> _Recorded information_:
_ _ _ _ _ _ _
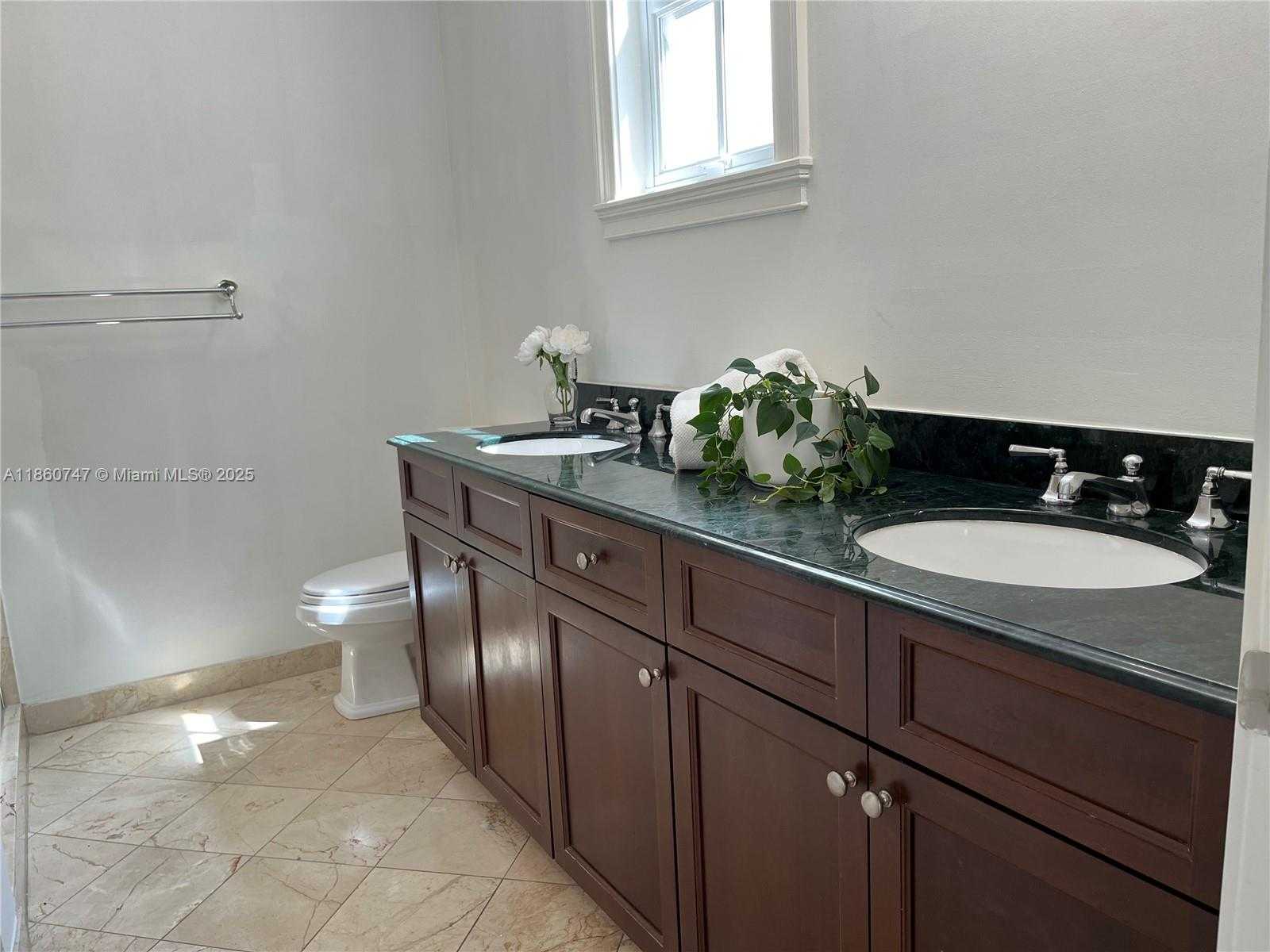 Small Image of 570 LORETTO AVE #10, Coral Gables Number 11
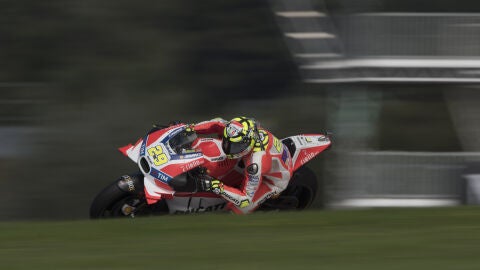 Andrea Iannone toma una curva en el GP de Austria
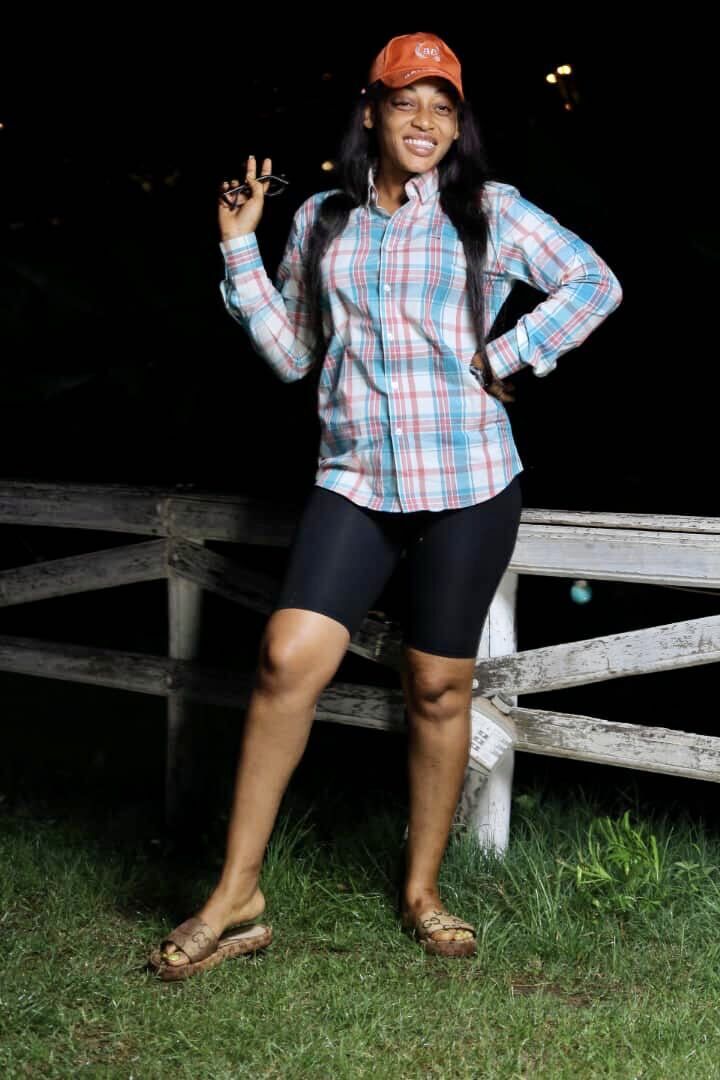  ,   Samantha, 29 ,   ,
_ _ _ _ _ _ _
> _Activity_: Make an exact copy of the listing above. Do not include the pictures.

> _Solution below_:
 Small Image of 570 LORETTO AVE #10, Coral Gables Number 11
 Andrea Iannone toma una curva en el GP de Austria
  ,   Samantha, 29 ,   ,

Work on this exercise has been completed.